I slung my backpack over my shoulder, looked back a last time, then stepped out into the hall, shut the door, and pressed the button on the elevator. I sat on a low brick wall outside, waiting for the taxi, my imagination running wild with dreams of making a huge discovery at the lab and becoming super-famous on my first day there.

I didn’t. But I had an extraordinary, wild set of adventures that even my imagination could never have invented. More on those later.

At the end of the summer, I returned to MIT for pre-orientation and orientation and sorority recruitment (sorority recruitment: another manifestation of my “try everything!” attitude). One recruitment activity was to spend a few minutes talking to a stranger, then introduce her to the group using one adjective. My partner introduced me as “adventure-seeking.”  I had never thought to describe myself that way, but it felt right.

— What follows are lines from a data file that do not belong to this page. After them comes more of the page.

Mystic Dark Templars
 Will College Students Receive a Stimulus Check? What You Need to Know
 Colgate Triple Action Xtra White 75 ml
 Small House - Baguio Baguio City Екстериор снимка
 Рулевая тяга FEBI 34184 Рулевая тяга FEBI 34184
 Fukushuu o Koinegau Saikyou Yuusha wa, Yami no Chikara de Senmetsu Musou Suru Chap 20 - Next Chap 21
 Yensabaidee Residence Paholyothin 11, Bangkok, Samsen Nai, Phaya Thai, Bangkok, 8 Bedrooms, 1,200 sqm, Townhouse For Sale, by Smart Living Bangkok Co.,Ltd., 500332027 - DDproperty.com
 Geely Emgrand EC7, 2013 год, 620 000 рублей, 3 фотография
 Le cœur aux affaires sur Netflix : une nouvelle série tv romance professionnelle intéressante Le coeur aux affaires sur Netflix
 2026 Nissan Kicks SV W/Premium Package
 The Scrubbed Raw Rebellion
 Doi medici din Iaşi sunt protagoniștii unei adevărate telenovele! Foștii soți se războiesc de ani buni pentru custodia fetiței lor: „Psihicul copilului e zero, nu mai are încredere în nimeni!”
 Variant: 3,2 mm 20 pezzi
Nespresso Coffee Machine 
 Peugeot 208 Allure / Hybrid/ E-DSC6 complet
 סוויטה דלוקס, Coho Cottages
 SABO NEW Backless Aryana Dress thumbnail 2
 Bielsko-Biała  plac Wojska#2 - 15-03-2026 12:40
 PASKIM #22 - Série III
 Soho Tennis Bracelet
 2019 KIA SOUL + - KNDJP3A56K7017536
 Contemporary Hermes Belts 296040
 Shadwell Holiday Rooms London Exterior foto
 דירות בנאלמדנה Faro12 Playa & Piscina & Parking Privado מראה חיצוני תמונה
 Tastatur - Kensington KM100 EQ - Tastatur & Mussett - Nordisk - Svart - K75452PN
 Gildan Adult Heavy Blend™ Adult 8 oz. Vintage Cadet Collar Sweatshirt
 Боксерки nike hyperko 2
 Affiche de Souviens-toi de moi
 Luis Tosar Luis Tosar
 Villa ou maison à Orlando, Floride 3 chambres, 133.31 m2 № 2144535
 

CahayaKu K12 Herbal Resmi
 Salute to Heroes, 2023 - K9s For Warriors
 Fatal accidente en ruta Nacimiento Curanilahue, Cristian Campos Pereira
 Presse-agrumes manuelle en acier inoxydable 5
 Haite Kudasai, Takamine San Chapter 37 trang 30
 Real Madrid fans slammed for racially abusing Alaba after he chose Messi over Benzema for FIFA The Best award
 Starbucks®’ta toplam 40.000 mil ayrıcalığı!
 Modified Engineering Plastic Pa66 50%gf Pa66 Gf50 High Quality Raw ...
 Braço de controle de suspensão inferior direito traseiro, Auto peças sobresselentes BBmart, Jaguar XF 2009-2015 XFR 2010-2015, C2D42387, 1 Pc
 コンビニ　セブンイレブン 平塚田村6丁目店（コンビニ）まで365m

10 responses to “Ode to the New, Part 1”

  1. genius ('18) says:

    First! “I think, that internships can come from just being openly enthusiastic (euphemism for “crazy, super-talkative, arm-flail-y and wide-eyed”, in my case) about what gets you excited.”
    Cool. I should try that next time wink.

  2. Anon '14 says:

    Not necessarily, though. Scoring pre-college anything usually also requires a certain amount of luck and coincidence, and circumstance. That’s not to say that someone can land an internship or other opportunity without being proactive at all, but at the same time, a person can try as hard as they can to look for opportunities and still not find one.

  3. Anna H. '14 says:

    @ Anon ’14: Sorry, I didn’t mean to imply in any way that I wasn’t lucky to get this internship! I just meant that being open about your interests can increase your chances, since then people (a teacher, in this case) will have you in mind when they hear of an opportunity.

  4. Tierney '15 says:

    I love how you have written this blog…It’s funny because if I were to write a blog, I would want it to be something like this :] I was at SSP Socorro this summer (Met you on reunion day!) and it was one of my first real adventures. Hopefully this time next year I can be far from home writing a new chapter of my life like you are.

  5. A Chang says:

    I love the way you write your blogs! It makes you sound really informal in a good way, in the sense that I can relate to you smile I really hope I can come here next year!

  6. A Chang '15 says:

    Oh and I’m class of 2015, seeing as everyone above me wrote their class haha smile

  7. Sure, McCarty got you the internship, but I was your teacher…(sniff)

  8. v says:

    awesome!
    your description of being enthusiastic holds true fr me as well!(guess, holds true fr the whole exploration-crazed ,super inquisitive community)

    ps-the tweety bed sheets are super cute!

  9. v says:

    awesome!
    your description of being enthusiastic holds true fr me as well!(guess, holds true fr the whole exploration-crazed ,super inquisitive community)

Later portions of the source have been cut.